» **Data excerpts**
==*==
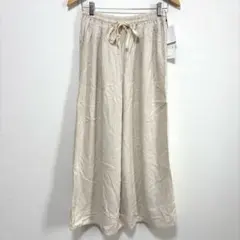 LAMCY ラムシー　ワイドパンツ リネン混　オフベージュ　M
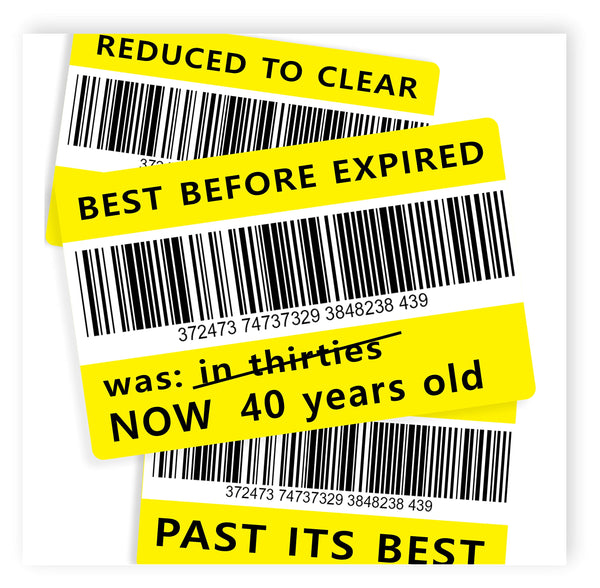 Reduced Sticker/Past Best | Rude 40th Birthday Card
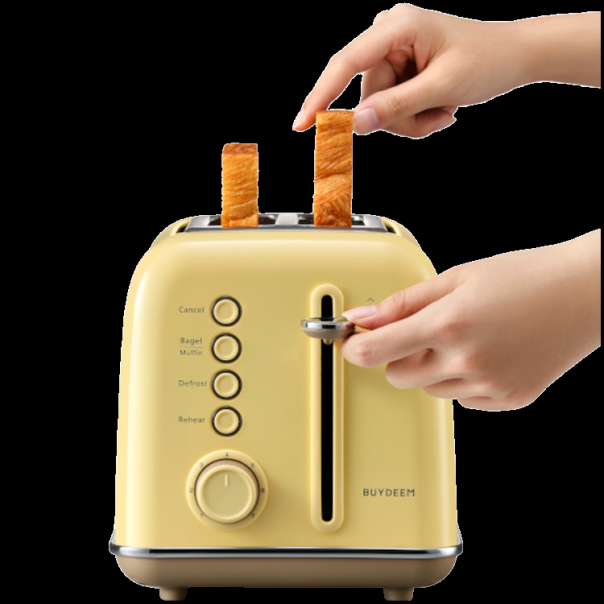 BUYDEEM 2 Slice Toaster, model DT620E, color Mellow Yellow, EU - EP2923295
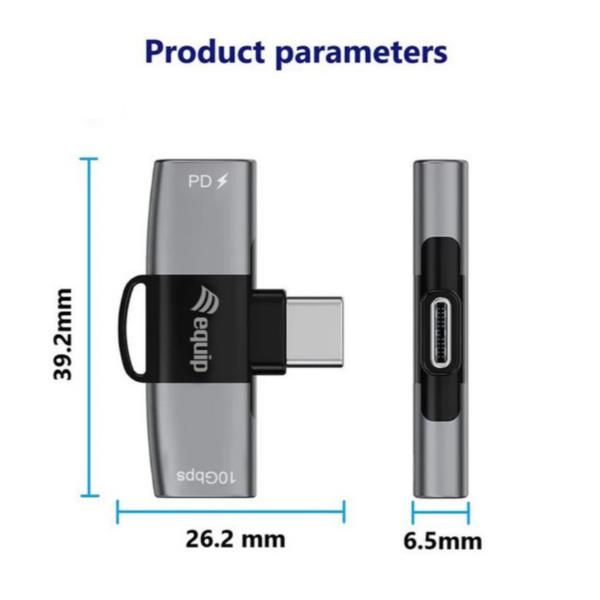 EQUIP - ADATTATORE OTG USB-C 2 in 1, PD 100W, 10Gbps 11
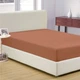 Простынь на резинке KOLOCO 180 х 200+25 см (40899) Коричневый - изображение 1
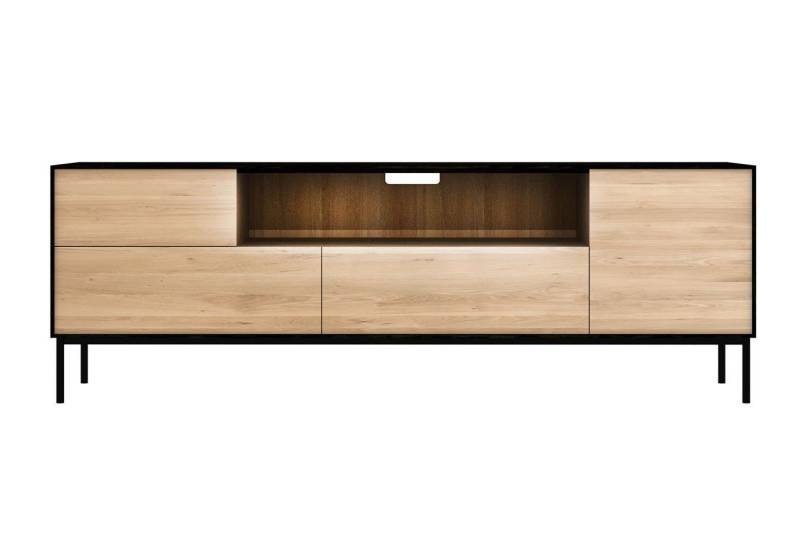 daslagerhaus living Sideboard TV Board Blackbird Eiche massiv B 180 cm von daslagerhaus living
==*==
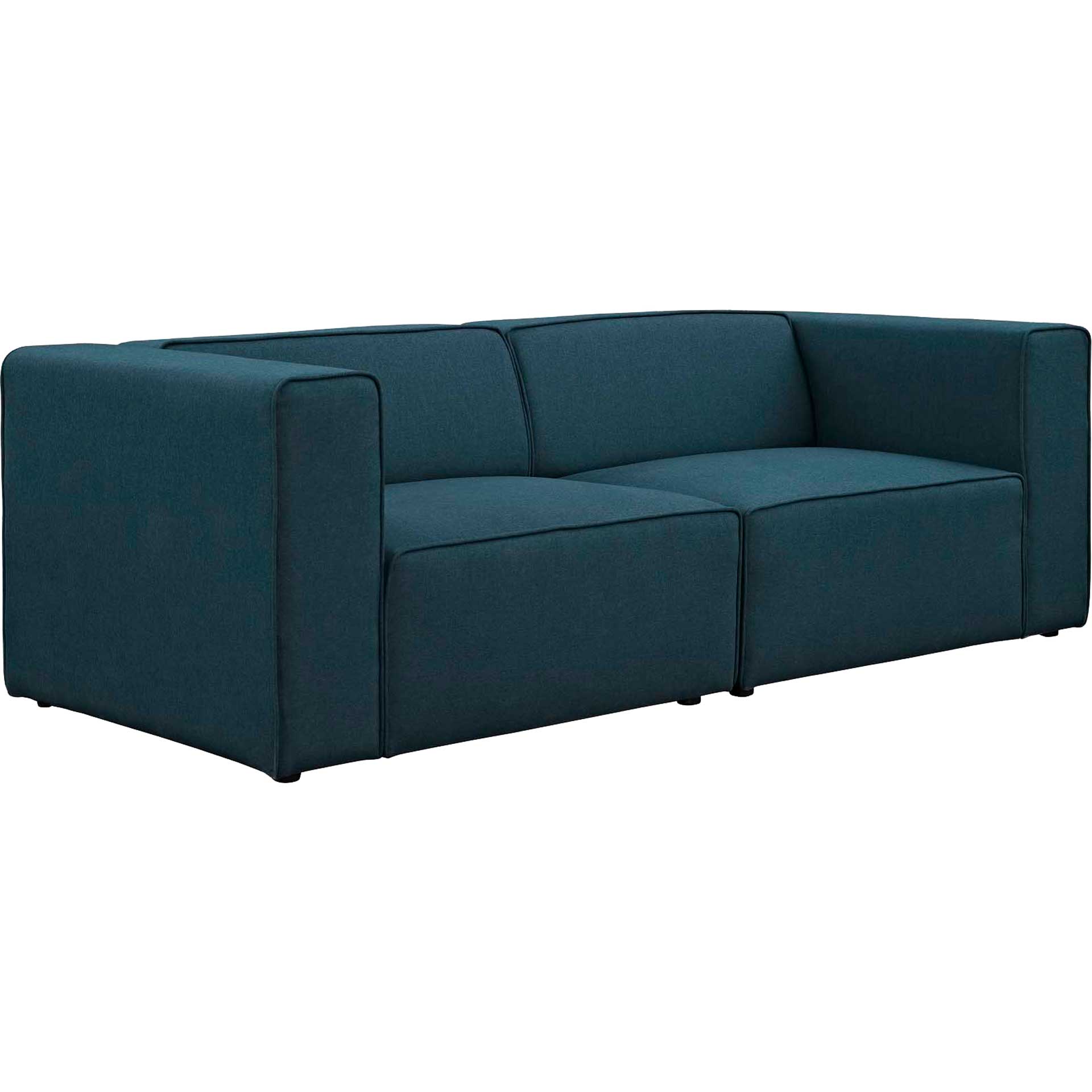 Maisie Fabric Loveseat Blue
==*==
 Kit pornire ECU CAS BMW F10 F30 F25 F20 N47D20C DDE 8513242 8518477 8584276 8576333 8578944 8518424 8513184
==*==
» **What needs to be done**
Starting at the line with "LAMCY ラムシー　ワイドパンツ リネン混　オフベージュ　M" in the entries above, write out every line exactly until the line with "daslagerhaus living Sideboard" has been written. Include no pictures and nothing more.

» **Result of this task**
 LAMCY ラムシー　ワイドパンツ リネン混　オフベージュ　M
 Reduced Sticker/Past Best | Rude 40th Birthday Card
 BUYDEEM 2 Slice Toaster, model DT620E, color Mellow Yellow, EU - EP2923295
 EQUIP - ADATTATORE OTG USB-C 2 in 1, PD 100W, 10Gbps 11
 Простынь на резинке KOLOCO 180 х 200+25 см (40899) Коричневый - изображение 1
 daslagerhaus living Sideboard TV Board Blackbird Eiche massiv B 180 cm von daslagerhaus living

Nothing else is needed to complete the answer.